Is this patient competent to decide? Which preference should be honored?
Case 10
A 55-year-old man has a 3-month history of chest pain and fainting spells. You feel his symptoms merit cardiac catheterization. You explain the risks and potential benefits to him, and include your assessment of his likely prognosis without the intervention. He is able to demonstrate that he understands all of this, but refuses the intervention.

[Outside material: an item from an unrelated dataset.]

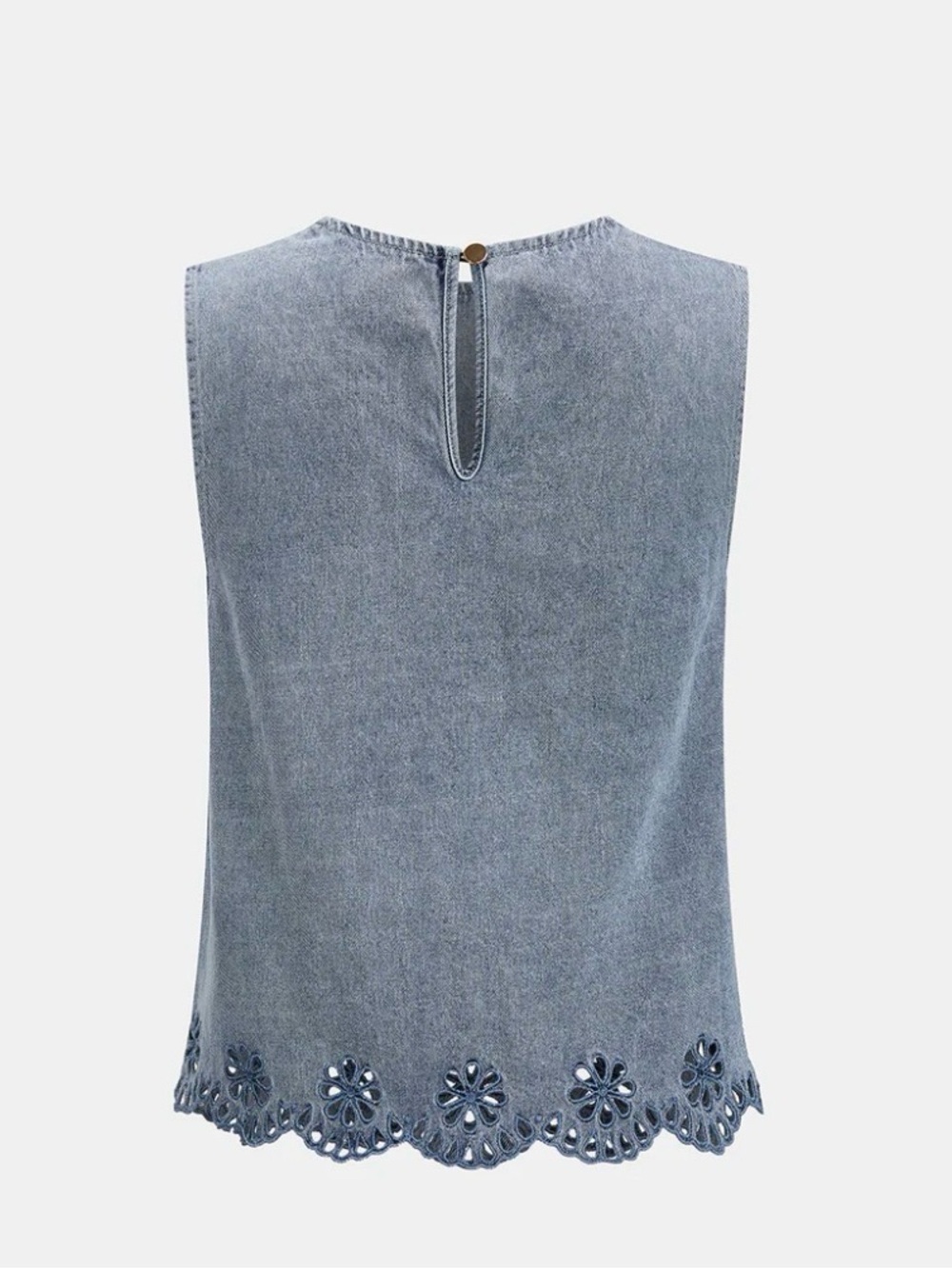 Commense Embroidered Denim Sleeveless Top NWT Medium - Picture 2 of 2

Can he do that, legally? Should you leave it at that?
Case 11
You are the attending physician at a chronic care facility. One of the residents, Mr. T, an 84-year-old war veteran with no living relatives, unable to look after himself owing to physical frailty and mild cognitive decline, develops gangrene in his foot due to poor circulation; it does not respond to medical treatment. Advised to have the foot amputated, Mr. T refuses, saying, “My foot will get better on its own. I’ve seen lots worse during the war!”
Case 12
Ms. X., a 60-year-old woman with early-stage breast cancer, accompanied by her 25-year-old daughter, has come to see Dr. Y for a second opinion. The breast surgeon explains, as far as surgery goes, fortunately all she needs is breast-conserving surgery (BCS). Ms. X does not look relieved. With her daughter translating, she replies, “That’s what the other doctor said, too. But that’s not what I want!” Her daughter explains she wants a modified radical mastectomy, having no confidence in the first type of operation as one of her friends had a recurrence of breast cancer after it. Dr Y. is a little confused. She usually finds herself in the opposite position of trying to convince some women to have any surgery at all. Although Dr. Y describes the morbidity associated with radical surgery, Ms. X remains unconvinced. Her daughter explains this view of BCS is common in their culture.